TNFAIP8 in Cellular Signaling and Cancer
TNFAIP8 plays a critical role in regulating tumor migration, invasion, and angiogenesis, which are key factors in cancer metastasis and recurrence. High levels of TNFAIP8 in tumors inhibit apoptosis and promote cell migration and invasion by modulating the expression of matrix metalloproteinases (MMPs) and vascular endothelial growth factor receptor 2 (VEGFR-2). For example, in breast cancer, upregulation of TNFAIP8 increases MMP-1 and MMP-9 expression, enhancing cell migration and invasion. Conversely, reducing TNFAIP8 expression with LE-AS5 leads to decreased VEGFR-2 expression, inhibiting these processes.
Fig. 1 TNFAIP8 through various signaling pathways, ultimately facilitating tumorigenesis and development of tumor (Hua J., et al. 2021).
In various cancers, including esophageal squamous cell carcinoma and osteosarcoma, TNFAIP8 knockdown results in reduced MMP expression and impaired tumor invasiveness. TNFAIP8 also influences cell invasion and migration through interaction with other regulatory proteins such as TAF-Iα and pathways like the Hippo signaling pathway. In lung and hepatocellular cancers, TNFAIP8 inhibits LATS1 and YAP phosphorylation, promoting nuclear localization of YAP and increasing MMP-7 expression.
Additionally, TNFAIP8 affects receptor tyrosine kinase signaling pathways, regulating epidermal growth factor (EGF) and insulin-like growth factor 1 (IGF-1)-stimulated migration. Knockdown of TNFAIP8 in non-small cell lung cancer cells decreases EGFR levels and increases sensitivity to tyrosine kinase inhibitors. Moreover, TNFAIP8 silencing in colorectal cancer reduces VEGFR-2 expression and angiogenesis through the PI3K-Akt pathway.
Epithelial-mesenchymal transition (EMT), a process driving tumor metastasis, is also regulated by TNFAIP8. In clear cell renal cell carcinoma, high TNFAIP8 expression decreases epithelial markers and increases mesenchymal markers, promoting invasion and migration. Overall, targeting TNFAIP8 holds the potential for developing new cancer therapies by inhibiting tumor growth, migration, and angiogenesis.
TNFAIP8 in Inflammation, Immunity, and Infection
Beyond its role in cancer, TNFAIP8 also modulates inflammatory and immune responses. In macrophages, TNFAIP8 expression is induced by the TLR4 ligand LPS, suggesting its involvement in anti-inflammatory pathways. This regulatory role is further supported by studies showing that TNFAIP8 knockdown leads to increased pro-inflammatory cytokine production.
TNFAIP8's role in bacterial infections has been highlighted in studies on Listeria monocytogenes. TNFAIP8 regulates infection by inhibiting RAC1, a key player in pathogen invasion and host-cell apoptosis. TNFAIP8-knockout mice show resistance to L. monocytogenes, indicating its importance in bacterial immunity. Similarly, TNFAIP8 expression is upregulated in viral infections, promoting cell death in infected cells.
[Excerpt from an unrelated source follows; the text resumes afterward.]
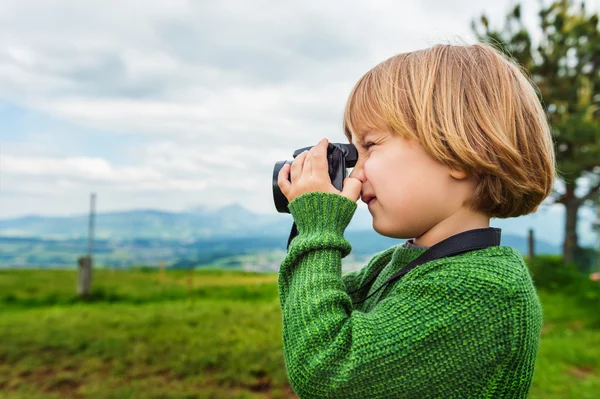 Cute little boy taking pictures with a camera — Stock Photo, Image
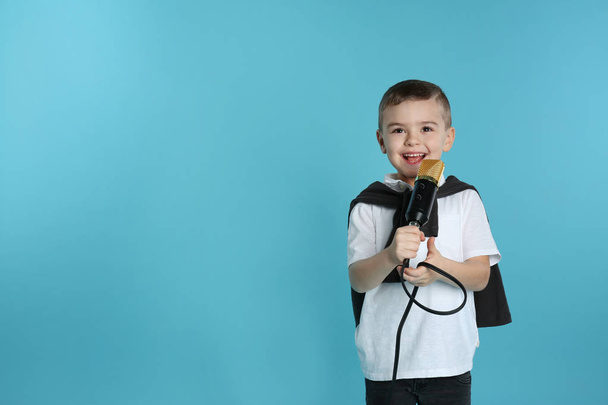Cute funny boy with microphone on color background. Space for text - Zdjęcie, obraz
In the immune system, TNFAIP8 is highly expressed in lymphoid tissues and the placenta, suggesting roles in modulating immune responses. Studies in murine models of sepsis show that TNFAIP8 promotes CD4+ T lymphocyte proliferation and polarization, indicating its involvement in T cell-mediated immunity. Moreover, TNFAIP8 facilitates glucocorticoid-induced apoptosis in thymocytes, impacting multiple physiological systems.
Recent research also links TNFAIP8 to acute graft-versus-host disease (GVHD). TNFAIP8 deficiency in allogeneic recipients increases cytokine levels and caspase-3 expression, worsening GI tract pathology. In diabetic nephropathy, TNFAIP8 upregulation in mesangial cells leads to increased cell proliferation and NADPH oxidase-mediated signaling, suggesting its role in kidney disease.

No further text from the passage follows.